Amgen announced new research examining the use of Otezla® (apremilast) in psoriatic arthritis, including the Phase 4 MOSAIC study and an exploratory analysis of cardiometabolic risk factors, which are commonly elevated in patients with psoriatic disease. The findings will be presented at the 2023 European Congress of Rheumatology (EULAR), taking place May 31-June 3 in Milan, Italy. Unlike X-ray imaging – commonly used to assess joint damage caused by psoriatic arthritis – MOSAIC used magnetic resonance imaging (MRI), a more sensitive tool for imaging inflammation, which begins early and continues throughout the disease course in joints and entheses (sites where tendons or ligaments attach to bones).

MOSAIC evaluated Otezla's effect on joint inflammation and structural progression of psoriatic arthritis measured by MRI. In MOSAIC, a multicenter, single-arm, open-label study, patients with active psoriatic arthritis who were treated with Otezla for 48 weeks had MRI of the hand (contrast-enhanced) performed at baseline, week 24 and week 48. The study evaluated change from baseline in the composite score of hand bone marrow edema (BME), synovitis and tenosynovitis in fingers 2-5, assessed by the psoriatic arthritis MRI score (PsAMRIS) at week 24 (the primary endpoint).

Total inflammation score, comprised of BME, synovitis, tenosynovitis and periarticular inflammation in fingers, as well as structural progression, were also assessed. Patients treated with Otezla had improvements in both clinical and MRI measures of inflammation up to week 48. Detailed findings include: Inflammation improved, reflected in the mean change from baseline in the composite inflammation score of BME, synovitis, and tenosynovitis as assessed by PsAMRIS for the full analysis set (n=98), which was -2.32 (-4.73, 0.09) at week 24 and -2.91 (-5.45, -0.37) at week 48.

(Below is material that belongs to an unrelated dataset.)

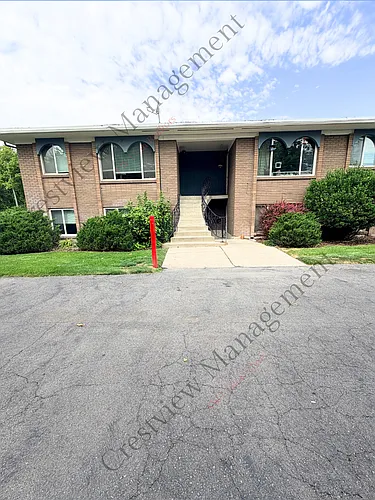 549 E Stringham Ave #B Photo 1 549 E Stringham Ave #B Photo 1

Significant improvements at week 24 and 48 in the per protocol population (n=94) were also observed. No significant structural progression was observed with Otezla. Total damage score – a measure of disease progression – including bone erosion, showed no significant change at weeks 24 and 48.

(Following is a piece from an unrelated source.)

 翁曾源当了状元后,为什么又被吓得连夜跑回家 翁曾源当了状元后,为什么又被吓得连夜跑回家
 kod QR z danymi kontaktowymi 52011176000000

In addition, patients with moderate disease activity as measured by Clinical Disease Activity Index for Psoriatic Arthritis (cDAPSA) experienced greater reductions in inflammation with Otezla as compared to those with high disease activity. Common treatment-emergent adverse events were diarrhea (33.6%), nausea (12.3%), headache (10.7%), nasopharyngitis (7.4%) and dyspepsia (6.6%). Otezla's Effect on Cardiometabolic Parameters in Psoriatic Arthritis: A second EULAR presentation includes data evaluating the effects of Otezla on cardiometabolic parameters (low- and high-density lipoprotein [LDL, HDL], body mass index [BMI] and HbA1c levels) in 781 patients with psoriatic arthritis at 52 weeks.

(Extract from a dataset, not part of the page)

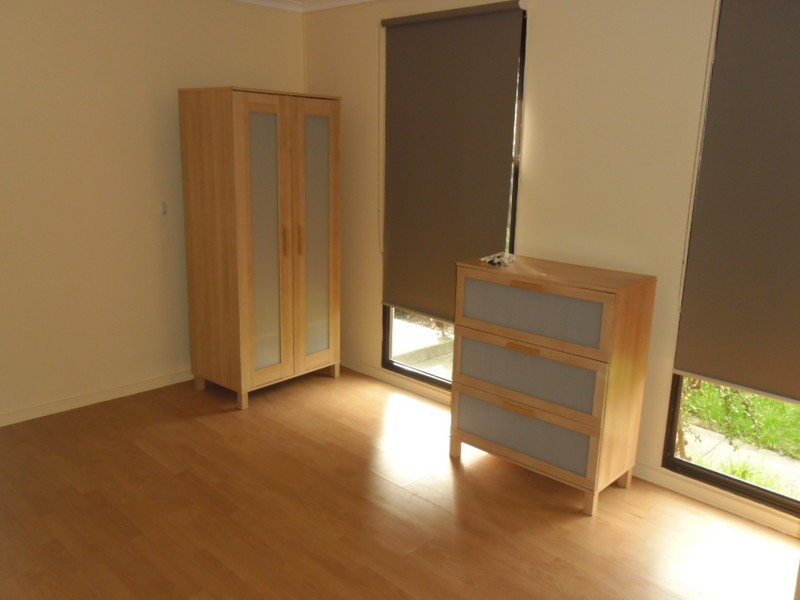 3 Rhyll Court, Westmeadows VIC 3049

The post-hoc exploratory analysis of data from five pooled Phase 3 trials (PALACE 1-4, ACTIVE) showed Otezla treatment was associated with improvement in cardiometabolic parameters across psoriatic disease activity groups. Among the findings reported: Mean LDL in the overall population at baseline decreased by 2.0 mg/dL on average at week 52; 52.3% of patients moved from the high LDL category (=160 mg/dL) at baseline to borderline (>129 – <160 mg/dL) or normal (=129 mg/dL) at week 52; and 38.3% changed from borderline high to normal LDL levels. Mean BMI was 30.3 kg/m2 in the overall population at baseline and decreased by 0.5 kg/m2 at week 52; 9.0% of patients changed from the obese category (=30 kg/m2) to the overweight category (25 – <30 kg/m2) and 12.3% of patients changed from the overweight category to the normal category (<25 kg/m2).

50.4% of patients who had prediabetes changed to normal HbA1c levels and 40.0% moved from diabetes to prediabetes at week 52.